Ellacombe was born at the vicarage, Bitton, Gloucestershire, on 18 February 1822, the only son among the six children of Henry Thomas Ellacombe (1790–1885), vicar of Bitton, and his first wife, Ann, née Nicholson (d. 1825). The Ellicombes (the spelling varied among the family and the form Ellacombe was adopted by Henry Thomas Ellacombe) were originally from Devon and for several generations family members had been in holy orders or associated with the church. Ellacombe’s early education seems to have been provided by his father, who ran a small school at the vicarage; he then went to Bath grammar school and followed his father to Oriel College, Oxford, matriculating in June 1840 and graduating BA in 1844.

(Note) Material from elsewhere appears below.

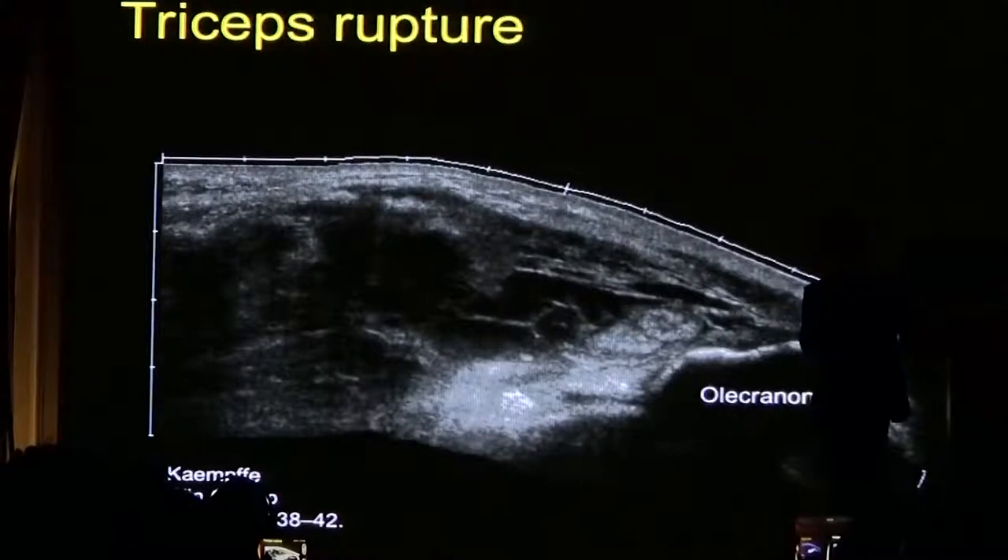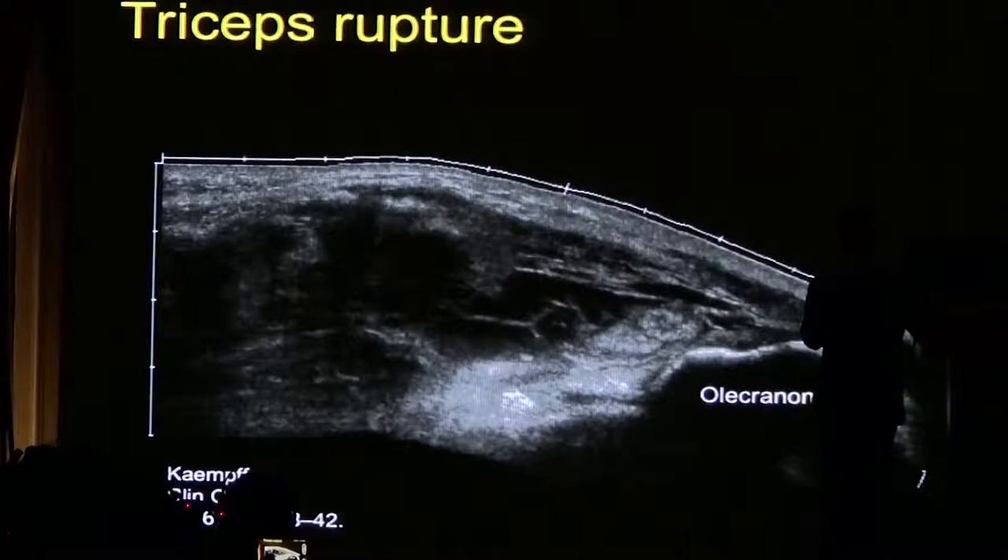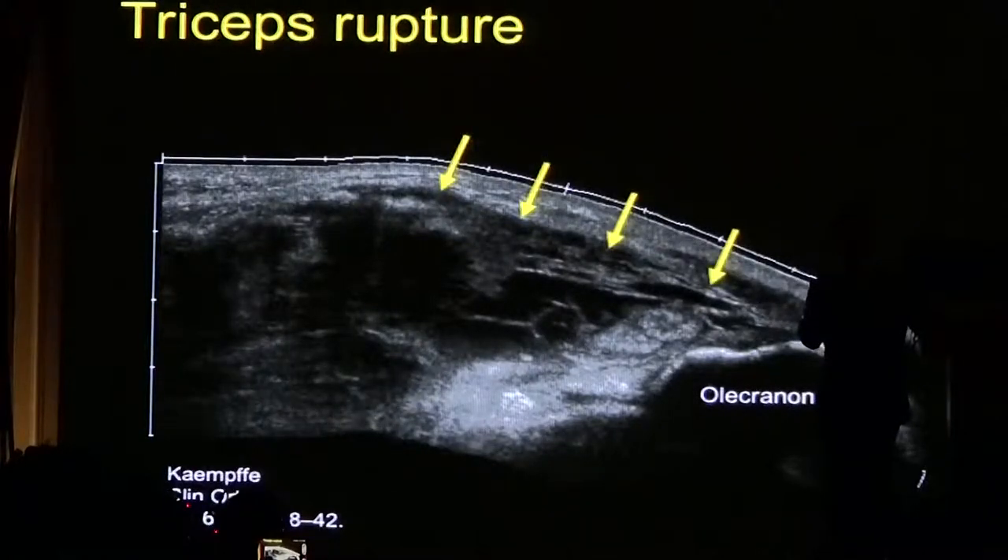Sometimes in elderly patients or in patients who are using steroids, you might see a rupture of the triceps tendon. Usually clinically this is quite obvious with a gap felt. Here you can see retraction of the tendon away from the insertion on the olecranon.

Ellacombe was ordained deacon and priest in 1847 by the bishop of Lichfield and took the curacy of Sudbury in Derbyshire for a year. Apart from this brief foray, however, his professional life was centred on Bitton, its church, and its vicarage. In 1848 he proceeded MA and then returned there, assisting his father as curate before succeeding him to the living in 1850. On 5 October

The Old Vicarage, Bitton: courtesy BRO

The Bitton Snowdrop

One of the delights of Canon Ellacombe’s garden was the snowdrop, named ‘Bitton’ (Galanthus nivalis ‘Bitton’). It is similar to the standard nivalis differing only by its pale olive-green ovary and inner marking. E.A. Bowles, a famous horticulturalist, wrote ‘Canon Ellacombe gave me this Snowdrop and quite half of my garden treasures besides, and it is one of the floral treats of the year to see it in January growing over a foot high under the south wall at Bitton.’ At the RHS Snowdrop Meeting in 1891 it was reported that James Atkins of Painswick had received the snowdrop from a friend in the 1860s and gave it to Canon Ellacombe who widely distributed it.’

Works

The owner of a considerable library of botanical and horticultural works, Ellacombe was a notable author on gardening subjects. In The Plant-Lore and Garden Craft of Shakespeare (1878), written at the suggestion of Reynolds Hole, he listed, identified, and commented on every plant mentioned in Shakespeare’s works. The extremely successful In a Gloucestershire Garden (1895), modelled on Henry Bright’s A Year in a Lancashire Garden, and In My Vicarage Garden and Elsewhere (1902) both originally appeared as a series of articles in The Guardian, the leading Church of England journal, to which he was a frequent contributor during the editorship of D. C. Lathbury. Ellacombe particularly sought to encourage

country parsons to take an interest in the cultivation of their vicarage gardens. He also contributed to gardening periodicals and rather extensively to the publications of Bath Natural History and Field Club. Nineteen of the plates in the celebrated Botanical Magazine were painted from plants growing at Bitton.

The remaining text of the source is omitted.